Components of Suite B
| Purpose | Algorithm | Standard | Parameter Length |  | Notes |
| Secret | Top-Secret |
| Symmetric encryption | AES | FIPS 197 | 128 | 256 | For traffic flow, AES should be used with either the Counter Mode (CTR) for low bandwidth traffic or the Galois/Counter Mode (GCM) mode of operation for high bandwidth traffic (see Block cipher modes of operation). |
| Digital Signature | Elliptic Curve Digital Signature Algorithm (ECDSA) | FIPS 186-2 | 256 | 384 | Curves P-256 and P-384, the latter providing 192-bit security. |
| Key agreement | Elliptic-curve Diffie–Hellman (ECDH) | NIST SP 800-56A | 256 | 384 | Same as above. |
| Message digest | SHA-2 | FIPS 180-3 | 256 | 384 |

In addition, "[d]uring the transition to the use of elliptic curve cryptography in ECDH and ECDSA, DH, DSA and RSA can be used with a 2048-bit modulus to protect classified information up to the SECRET level."

In 2015, NSA replaced Suite B with the Commercial National Security Algorithm Suite (CNSA). The general selection of algorithms types remain unchanged. DSA was removed. DH and RSA were reclassified as "supported" instead of "legacy" with the minimum modulus size raised to 3072 bits. In 2018, the Suite B IETF RFC documents were reclassified as historical.

==History==
In December 2006, NSA submitted an Internet Draft on implementing Suite B as part of IPsec. This draft had been accepted for publication by IETF as RFC 4869, later made obsolete by RFC 6379.

Certicom Corporation of Ontario, Canada, which was purchased by BlackBerry Limited in 2009, holds some elliptic curve patents, which have been licensed by NSA for United States government use. These include patents on ECMQV, but ECMQV has been dropped from Suite B. AES and SHA had been previously released and have no patent restrictions. See also RFC 6090.

As of October 2012, CNSSP-15 stated that the 256-bit elliptic curve (specified in FIPS 186-2), SHA-256, and AES with 128-bit keys are sufficient for protecting classified information up to the Secret level, while the 384-bit elliptic curve (specified in FIPS 186-2), SHA-384, and AES with 256-bit keys are necessary for the protection of Top Secret information.

However, as of August 2015, NSA indicated that only the Top Secret algorithm strengths should be used to protect all levels of classified information.

In 2018 NSA withdrew Suite B in favor of the CNSA.

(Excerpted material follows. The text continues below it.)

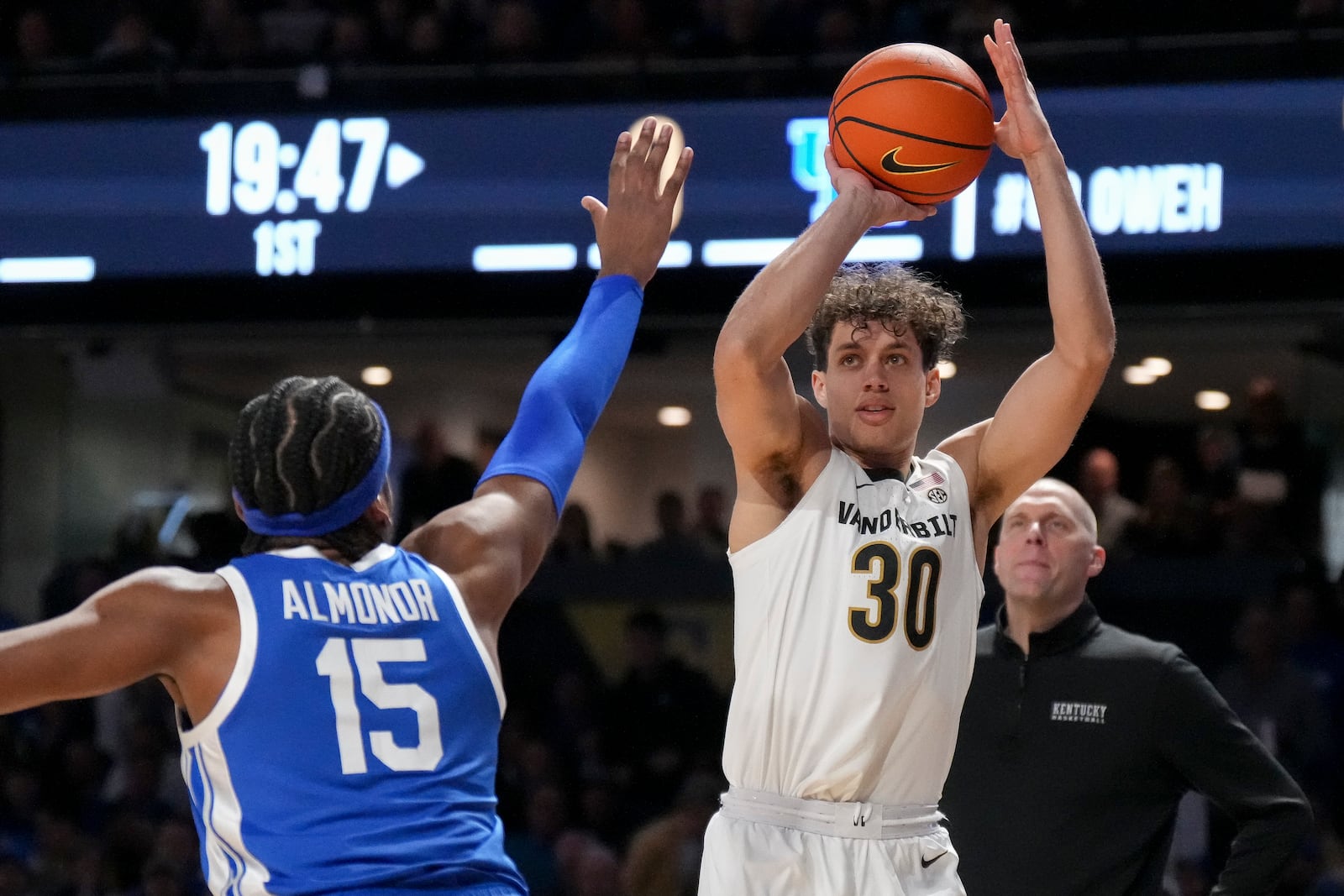 Vanderbilt guard Chris Manon (30) shoots the ball over Kentucky forward Ansley Almonor (15) during the first half of an NCAA college basketball game Saturday, Jan. 25, 2025, in Nashville, Tenn. (AP Photo/George Walker IV)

==Implementation requirements==
Using an algorithm suitable to encrypt information is not necessarily sufficient to properly protect information. If the algorithm is not executed within a secure device the encryption keys are vulnerable to disclosure. For this reason, the US federal government requires not only the use of NIST-validated encryption algorithms, but also that they be executed in a validated Hardware Security Module (HSM) that provides physical protection of the keys and, depending on the validation level, countermeasures against electronic attacks such as differential power analysis and other side-channel attacks. For example, using AES-256 within an FIPS 140-2 validated module is sufficient to encrypt only US Government sensitive, unclassified data. This same notion applies to the other algorithms.

== Successors ==
===Quantum resistant suite===
In August 2015, NSA announced that it is planning to transition "in the not too distant future" to a new cipher suite that is resistant to quantum attacks. "Unfortunately, the growth of elliptic curve use has bumped up against the fact of continued progress in the research on quantum computing, necessitating a re-evaluation of our cryptographic strategy." NSA advised: "For those partners and vendors that have not yet made the transition to Suite B algorithms, we recommend not making a significant expenditure to do so at this point but instead to prepare for the upcoming quantum resistant algorithm transition." New standards are estimated to be published around 2024.

===Commercial National Security Algorithm Suite===

The Suite B algorithms have been replaced by Commercial National Security Algorithm (CNSA) Suite algorithms in 2015.